Waiver by any Party to this Agreement of any term, condition, or covenant of this
Agreement shall not constitute a waiver of any other term, condition, or covenant. Waiver by
any Party of any breach of the provisions of this Agreement shall not constitute a waiver of
any other provision nor a waiver of any subsequent breach or violation of any provision of
this Agreement. Acceptance by City of any work or services by Service Provider shall not
constitute a waiver of any of the provisions of this Agreement.
SECTION 29. LAW TO GOVERN; VENUE.
This Agreement shall be interpreted, construed and governed according to the laws of
the State of California. In the event of litigation between the Parties, venue in state trial
courts shall lie exclusively in the County of Riverside, California.

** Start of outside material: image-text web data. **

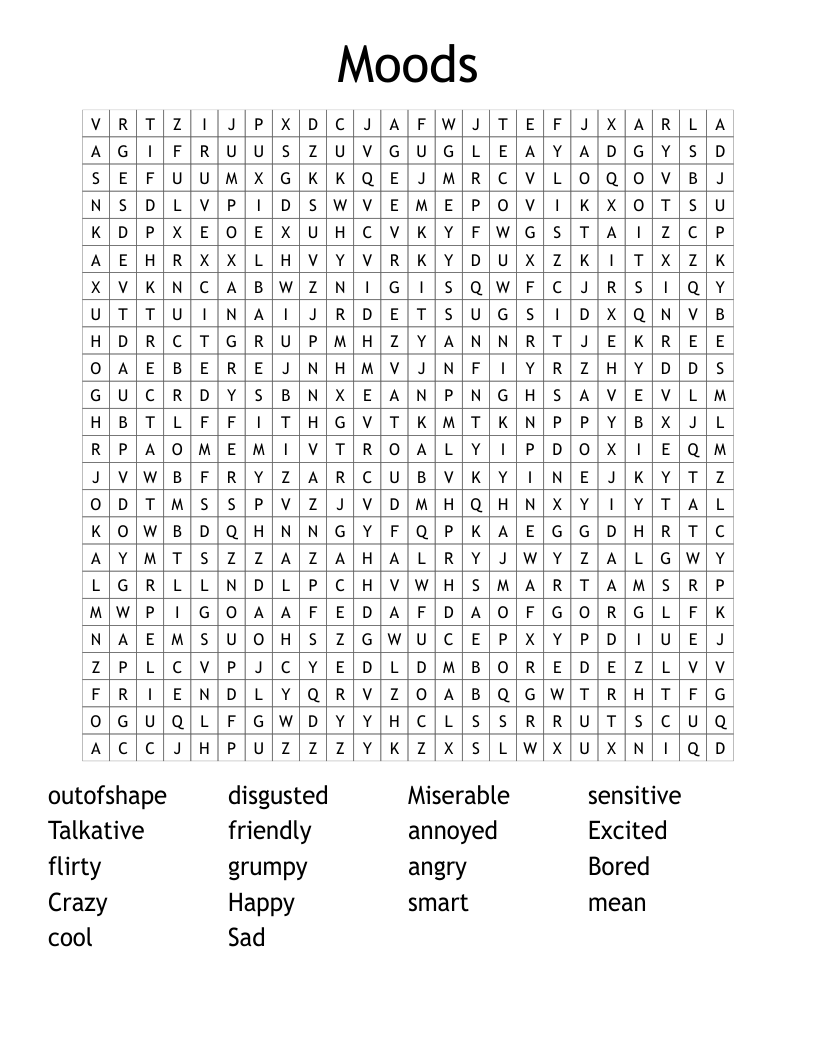 Moods Word Search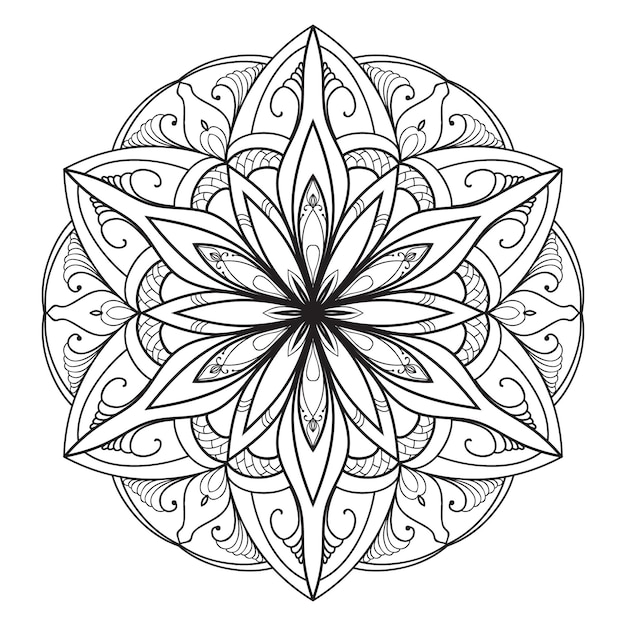 Mandala kleurboekpagina voor kinderen en volwassenen zwart-witte bloemen om te tekenen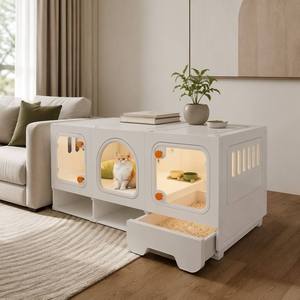 Gabbia per Gatti Modulare OEM ODM con Logo Personalizzato, Stile Legno, Villa Pieghevole per Gatti, Colore Personalizzato per Marchi di Animali Domestici, <span class=keywords><strong>Vendita</strong></span> all'Ingrosso - Product Image 3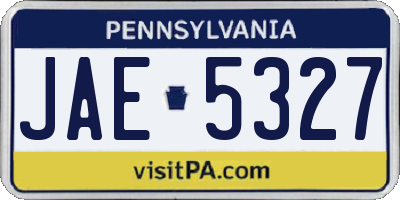 PA license plate JAE5327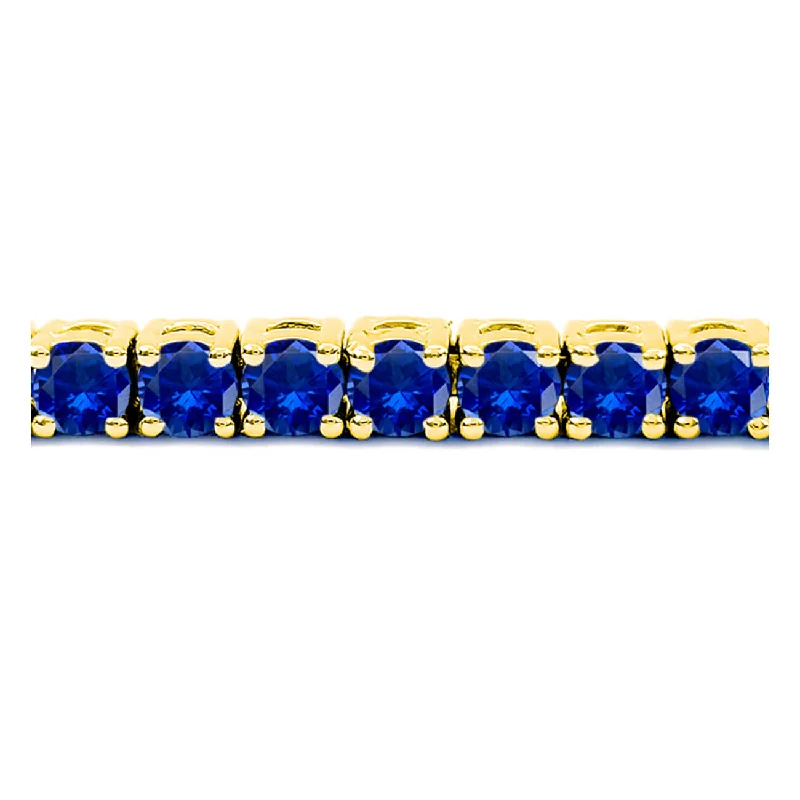 Embellished Bracelets for Fancy Appeal-7 Carat Blue Sapphire Tennis Bracelet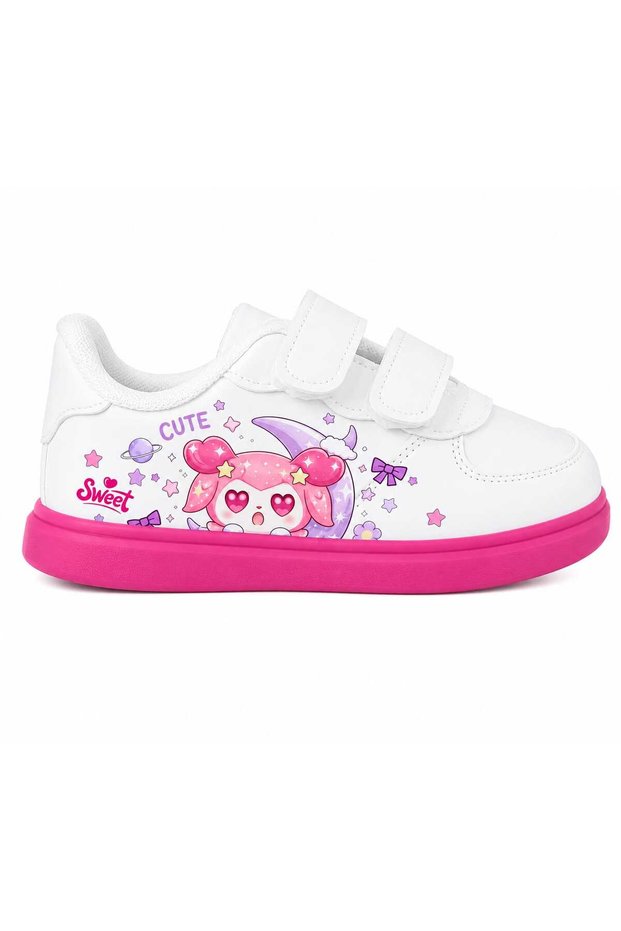 Children's Sports Shoes Sneaker with Pink Character Print and White Pink Sole Band
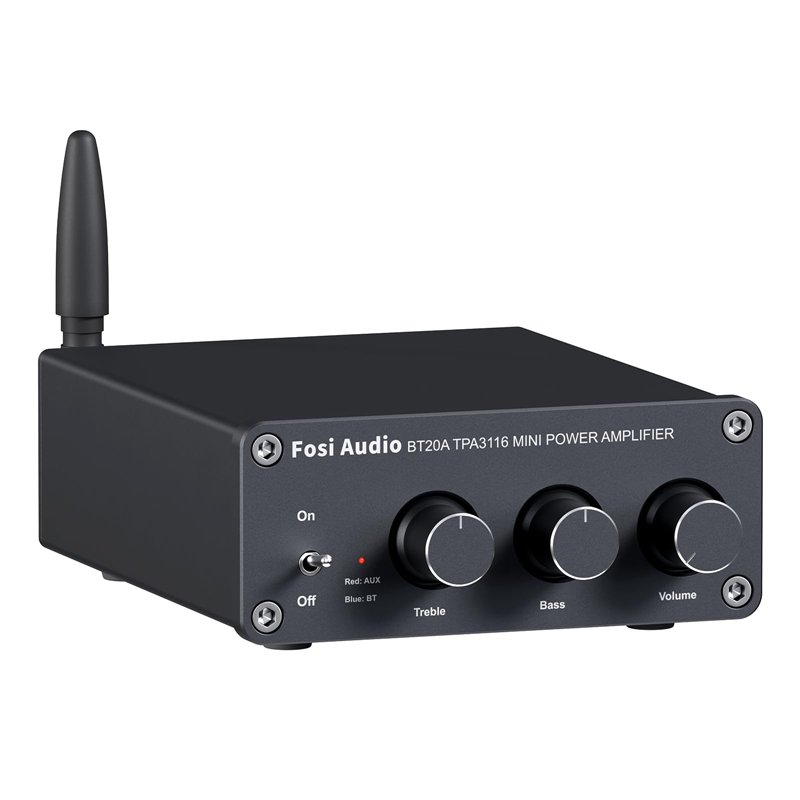 Fosi Audio BT20A Amplificateur Audio Bluetooth, 100W x2 Ampli HiFi Stéréo 2 Canaux, Classe D Ampli TPA3116 Intégré Ampli de Puis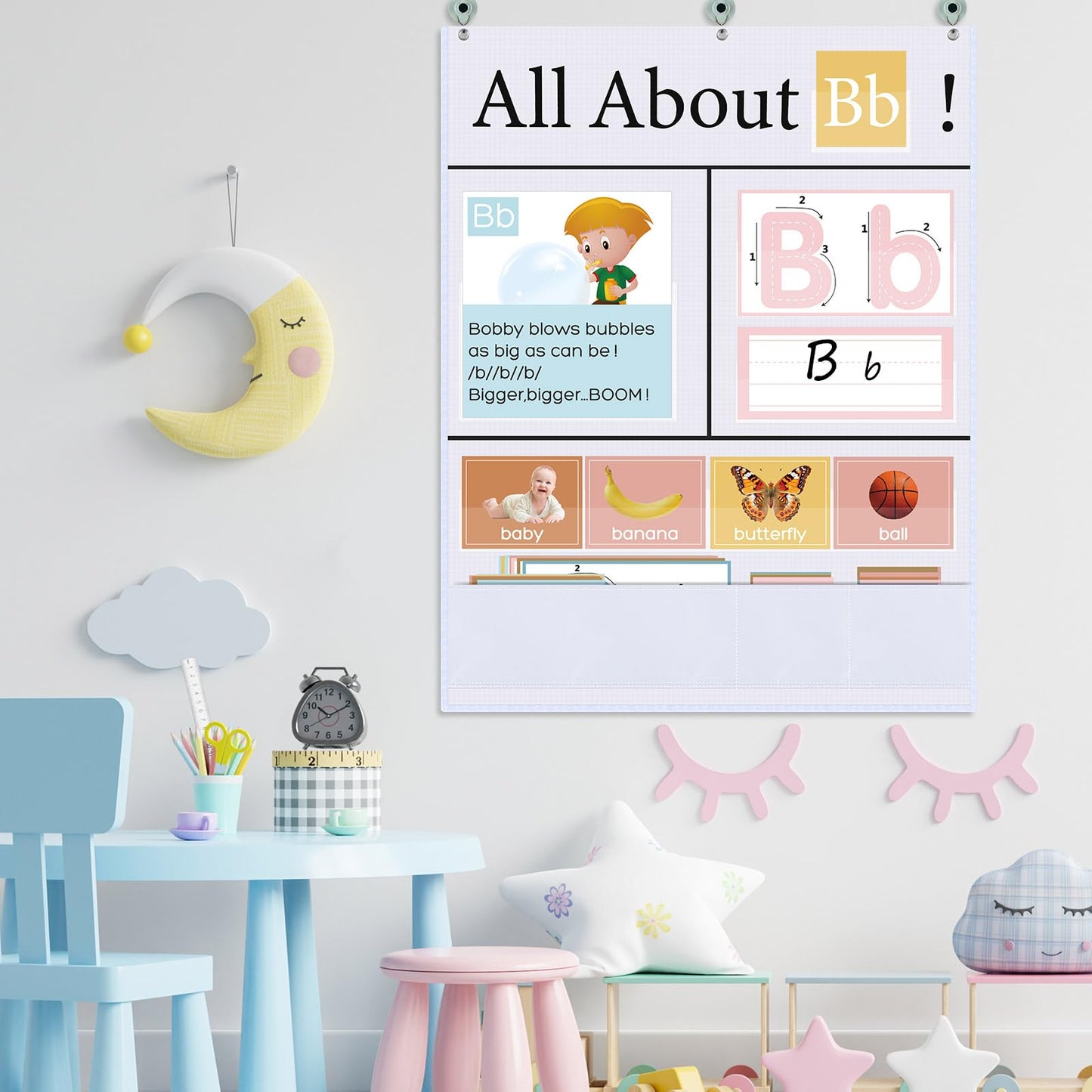 Blosssound 34 x 27 All About Letter Pocket Chart 103 ABC Flash Cards Letter of The Day Week Chart Alphabet Tracing Educational Wall Poster Teachers Homeschool Learning Activities(White)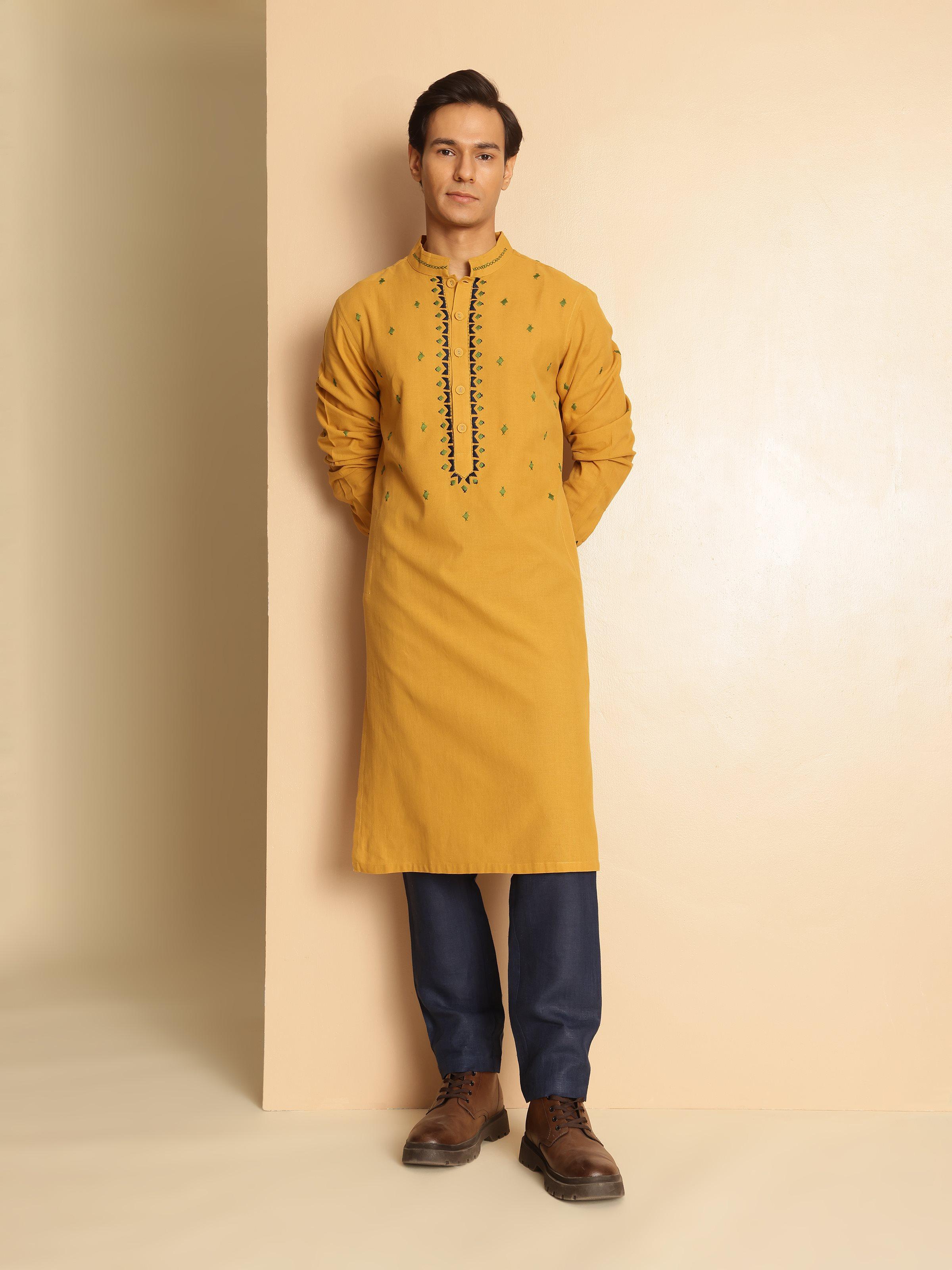 Mustard Cotton Embroidered Long Kurta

In the event of litigation in a
U.S. District Court, venue shall lie exclusively in the Central District of California, in Riverside.
SECTION 30. ATTORNEYS FEES, COSTS AND EXPENSES.
In the event litigation or other proceeding is required to enforce or interpret any
provision of this Agreement, the prevailing Party in such litigation or other proceeding shall
be entitled to an award of reasonable attorney's fees, costs and expenses, in addition to any
other relief to which it may be entitled.
SECTION 31. ENTIRE AGREEMENT.
This Agreement, including the attached Exhibits "A" through "C", is the entire,
complete, final and exclusive expression of the Parties with respect to the matters addressed
therein and supersedes all other agreements or understandings, whether oral or written, or
entered into between Service Provider and City prior to the execution of this Agreement. No
statements, representations or other agreements, whether oral or written, made by any Party
which are not embodied herein shall be valid and binding.
SECTION 32. SEVERABILITY.
If any term, condition or covenant of this Agreement is declared or determined by any
court of competent jurisdiction to be invalid, void or unenforceable, the remaining provisions
of this Agreement shall not be affected thereby and the Agreement shall be read and
construed without the invalid, void or unenforceable provision(s).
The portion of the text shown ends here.